As cenas entre Julianne Moore e Natalie Portman, quando estão sozinhas, transbordam intensidade e energia. É algo mágico. Vale destacar também a ótima atuação de Charles Melton, como a pessoa que começou uma família cedo demais – a cena da discussão de Melton com Moore, lá perto do final, é de dar um aperto no coração. Que bom que este filme teve exibição nos cinemas brasileiros (nos Estados Unidos e Canadá, foi para a Netflix). O cinema é o lugar ideal para apreciar esse tipo de obra, que também se destaca pela trilha sonora pouco convencional. Inclusive, a fotografia de Christopher Blauvelt, colaborador constante de Kelly Reichardt, é um destaque assim que botamos os olhos nas primeiras cenas. O filme foi rodado em película e sua iluminação faz lembrar os trabalhos de Vilmos Zsigmond para certos clássicos da Nova Hollywood.

+ DOIS FILMES

MAESTRO

Havia me esquecido do quanto Carey Mulligan é uma atriz extraordinária. Talvez porque minha última lembrança dela tenha sido com BELA VINGANÇA, de 2020, um filme que foge um pouco do registro realista. MAESTRO (2023), segundo longa-metragem na direção de Bradley Cooper, trata mais uma vez de música, seguindo os passos de NASCE UMA ESTRELA (2018), e valorizando, como bom filme de ator que é, as interpretações. Há pelo menos uns três embates de interpretações entre Cooper e Mulligan que já me fazem pensar nos clipes do Oscar 2024. Como não achei a vida de Leonard Berstein tão extraordinária assim, o que mais me chamou a atenção no filme foram as experimentações visuais, com uma fotografia em preto e branco de alto contraste que a princípio me lembrou Orson Welles e CIDADÃO KANE e em seguida o uso de cores vivas que lembram produções visuais das épocas retratadas.

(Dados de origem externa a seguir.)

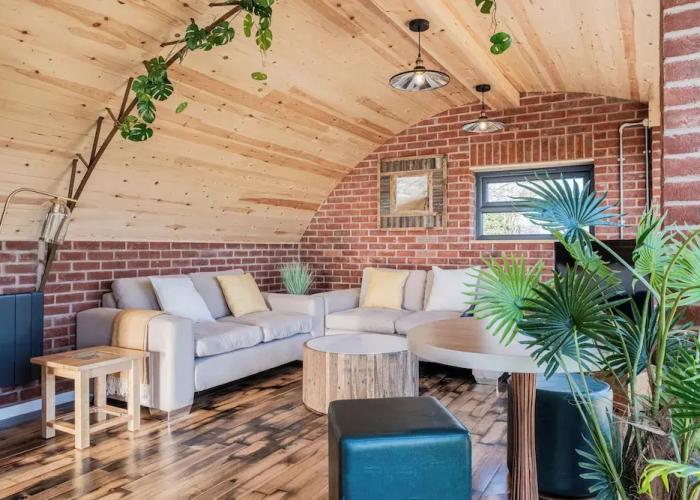 Brick Barn - Luxury Barn by River Avon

O começo do filme me causou um pouco de distanciamento, ainda que um distanciamento interessante. O distanciamento diminui com as cores e com uma maior ênfase nos dramas do casal, quando o maestro passa a pular mais a cerca e sair com rapazes, por quem sempre teve atração. A segunda parceria com o diretor de fotografia Matthew Libatique rendeu bons frutos e o trabalho de maquiagem está perfeito.

ANATOMIA DE UMA QUEDA (Anatomie d'une Chute)

A Palma de Ouro deste ano, ANATOMIA DE UMA QUEDA (2023), é um filme surpreendente e que vai quebrando as expectativas ao longo de toda a metragem. Em alguns momentos me fez lembrar os thrillers americanos mais convencionais, mas apenas pelos pontos de partida na trama. Tanto que minha cabeça já acostumada com os "supercines" da vida ficou me fazendo pensar em reviravoltas de última hora. Há também a questão da dúvida em torno da protagonista: seria ela culpada ou inocente da morte do marido? Foi suicídio, acidente ou homicídio? O uso dos flashbacks é absolutamente genial e há momentos em que a câmera se posiciona no meio das pessoas no tribunal como se não tivéssemos uma visão privilegiada da narrativa (e, de fato, não temos tanto assim). Sandra Hüller está excelente desde o começo e o garotinho Milo Machado Graner é sensacional. No mais, que beleza que foi encontrar o Cinema do Dragão lotado em plena quinta-feira para ver o suposto melhor trabalho de Justine Trier durante o Festival Varilux de Cinema Francês.